Statins competitively inhibit HMG-CoA reductase which is responsible for the rate at which the liver produces its cholesterol, and you end up pulling more cholesterol out of circulation the blood as a counterforce. In turn lowering LDL-C
Deep-dive
Dosing:
- Atorvastatin: 10-20mg daily is moderate intensity (lowers LDL 30-49%), 40-80mg daily is high intensity (>50% LDL reduction). Start at 20mg for most people, titrate up at 6-8 week intervals based on ApoB/LDL response
- Rosuvastatin: 5-10mg daily is moderate intensity, 20-40mg daily is high intensity. Start at 10mg for most people. Women of East Asian descent should start at 5mg due to higher plasma concentrations at the same dose
- Timing: Both atorvastatin and rosuvastatin have long half-lives (14-20 hours), so they can be taken any time of day, with or without food. Consistency matters more than timing. Shorter half-life statins like simvastatin need to be dosed at night, but not these two
- Choosing between the two: Rosuvastatin is slightly more potent per mg, raises HDL a bit more, doesn't go through CYP3A4 (fewer drug interactions), and is usually the default for anyone on other medications or compounds. Atorvastatin has the longest safety track record, is cheaper, and is better studied in acute coronary syndrome settings. Either is a reasonable first choice
- Women: no female-specific dose adjustment needed outside the East Asian rosuvastatin note above. Do not take either statin during pregnancy or while breastfeeding. If you're trying to conceive, discontinue before attempting
- If muscle symptoms develop: don't stop outright. Options include dropping to alternate-day dosing (rosuvastatin's long half-life makes this viable and it still provides ~70% of the LDL benefit), switching statins (atorvastatin ↔ rosuvastatin), or trying pravastatin or fluvastatin which have less muscle signal. The National Lipid Association recommends multiple strategies before labeling someone "statin intolerant"

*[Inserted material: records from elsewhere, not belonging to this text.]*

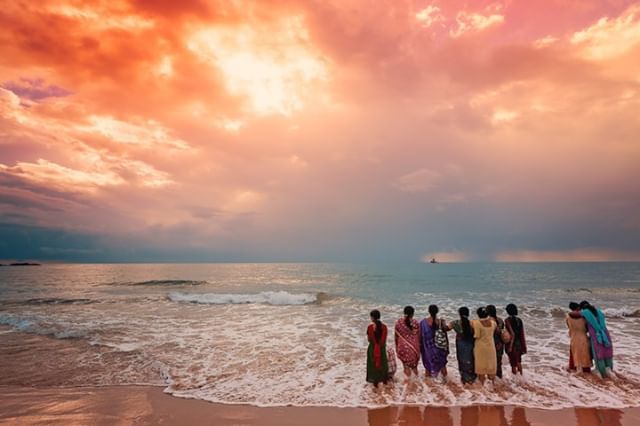 Taking a dip into the ocean.⠀
⠀
Gokarna, India⠀

#gokarna #sunsetlover #secretplaces #wandering #dreamermagazine #somewheremagazine #beachlife #cloudyskies #travelphotographers #travelphotography⠀
#walkonthebeach #atmospheric #cinematic #moody… bit.ly/2MBT7qg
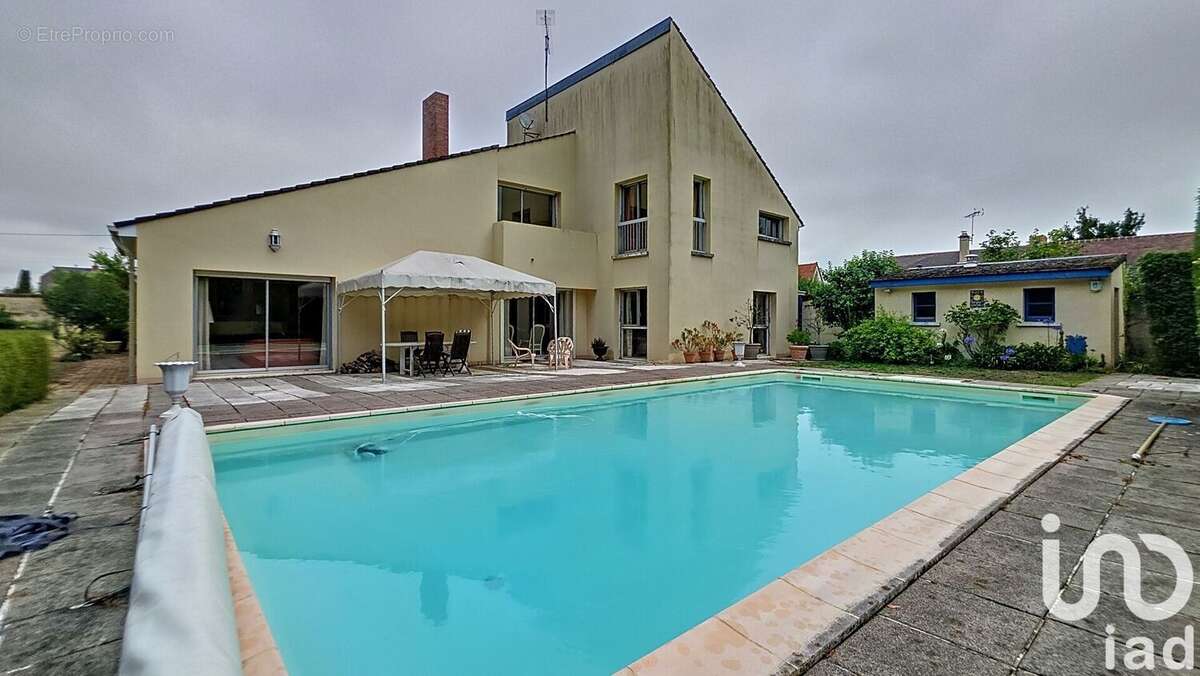 Maison 376 m² à Marcilly-Sur-Seine  - photo 2
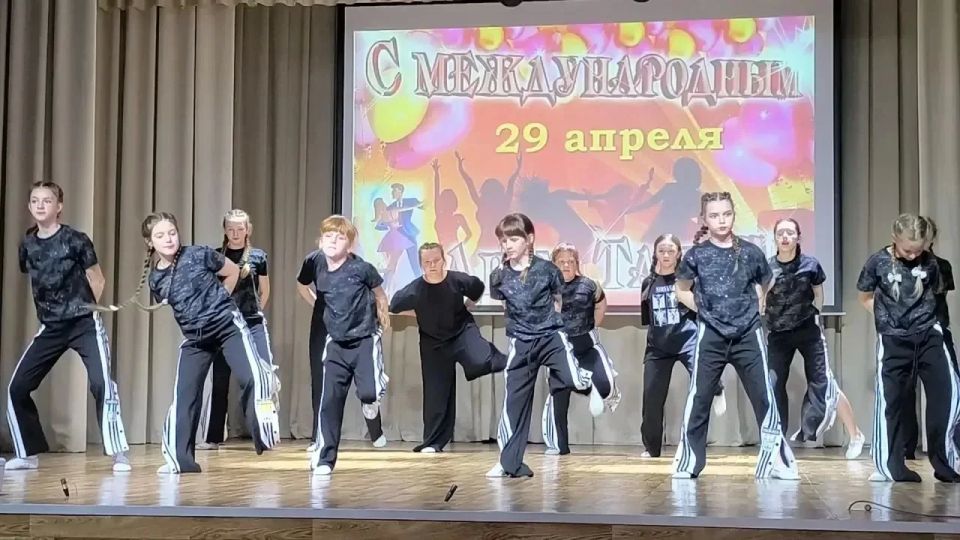 «Волшебный мир танца» зажёг Акимовский центральный дом культуры в Международный день танца! «Волшебный мир танца» зажёг Акимовский центральный дом культуры в Международный день танца!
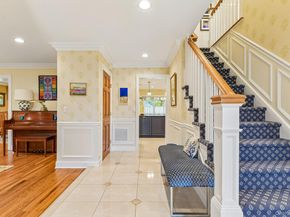 1442 Stevenson Circle, Hewlett NY 11557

- With food interactions: avoid grapefruit juice with atorvastatin (it inhibits CYP3A4 and raises blood levels). Rosuvastatin is unaffected by grapefruit. Avoid taking rosuvastatin within 2 hours of aluminum/magnesium antacids
Here's what you can expect:
LDL-C and ApoB start dropping within the first 1-2 weeks and reach their new steady state by 4-6 weeks. Most people see 30-55% LDL reductions depending on dose and drug, with ApoB falling slightly less proportionally (roughly 40-45% reduction when LDL drops 50%). If your numbers aren't where you want them after 8 weeks, it's either a dose issue, an adherence issue, or you need add-on therapy like ezetimibe.

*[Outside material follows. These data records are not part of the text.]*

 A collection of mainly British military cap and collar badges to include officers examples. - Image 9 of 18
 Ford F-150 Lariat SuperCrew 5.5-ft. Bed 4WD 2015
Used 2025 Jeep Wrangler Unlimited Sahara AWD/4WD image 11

You won't feel anything. Statins don't produce noticeable subjective effects, there's no energy change, no mood change, no libido change in the vast majority of people. If you feel dramatically different within days of starting, that's almost certainly expectation effect rather than the drug, which is supported by the SAMSON trial data below.
Side effects & risks:
- Muscle aches are the most common reason people quit statins, but most of it isn’t actually the drug. When patients who’d previously stopped statins for side effects were given alternating months of the drug, a placebo, and nothing at all, symptoms were nearly identical on the statin and the placebo, and both were worse than taking nothing. Roughly 90% of what people feel is the act of taking a tablet, not the statin inside it. True pharmacologic muscle pain caused by the drug sits around 0.5% of users. Rhabdomyolysis (the dangerous version) is vanishingly rare.
If you get muscle aches on a statin, don’t quit. Drop the dose, switch to the other statin, or try alternate-day dosing before deciding you can’t tolerate it. Most people who “can’t take statins” actually can.